[WHAT TO WORK ON] Transcribe the entries below exactly, starting with the line that has "Garsonieră decomandată în Universitate" and stopping after the line that has "2015 Volkswagen Passat"; no pictures belong in the copy.

[PROVIDED DATA]
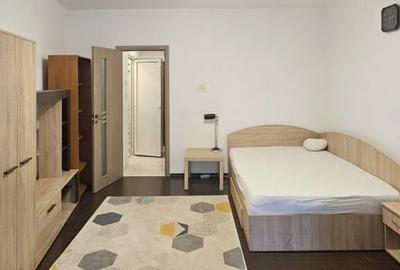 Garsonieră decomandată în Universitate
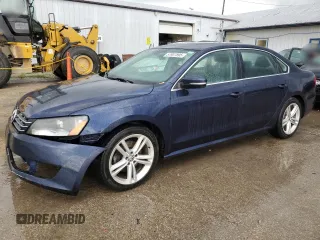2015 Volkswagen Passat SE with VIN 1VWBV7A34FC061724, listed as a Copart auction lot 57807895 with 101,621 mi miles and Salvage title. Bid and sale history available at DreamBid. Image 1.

...

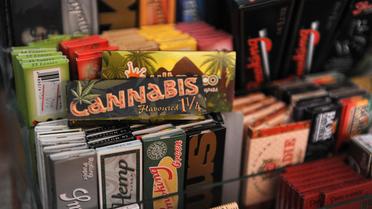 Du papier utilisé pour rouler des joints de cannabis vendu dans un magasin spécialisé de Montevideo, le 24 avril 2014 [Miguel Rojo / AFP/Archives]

--

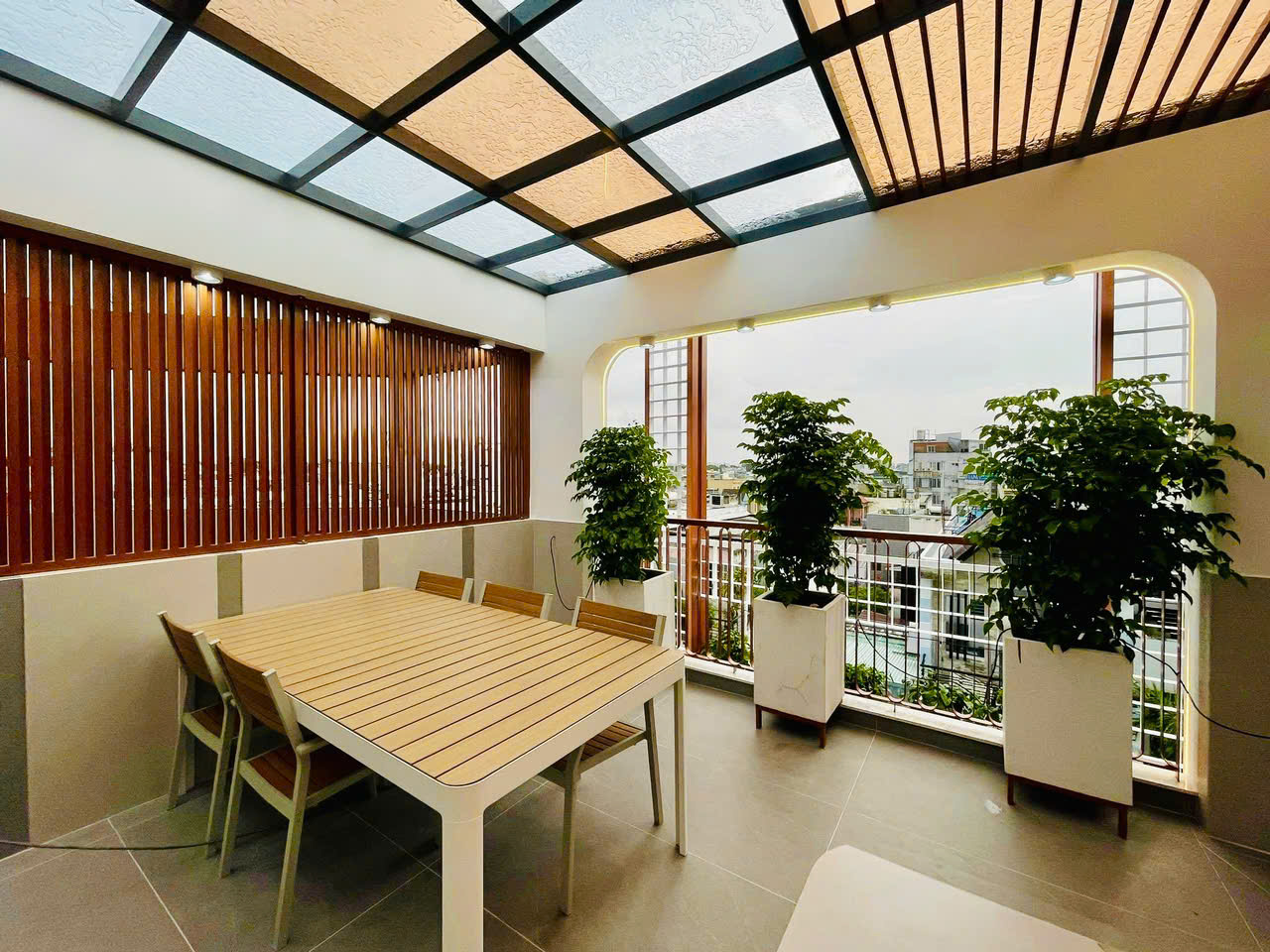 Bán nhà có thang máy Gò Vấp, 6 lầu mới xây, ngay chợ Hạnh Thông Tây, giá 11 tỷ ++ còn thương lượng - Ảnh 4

[ANSWER TO THIS PROBLEM]
 Garsonieră decomandată în Universitate
2015 Volkswagen Passat SE with VIN 1VWBV7A34FC061724, listed as a Copart auction lot 57807895 with 101,621 mi miles and Salvage title. Bid and sale history available at DreamBid. Image 1.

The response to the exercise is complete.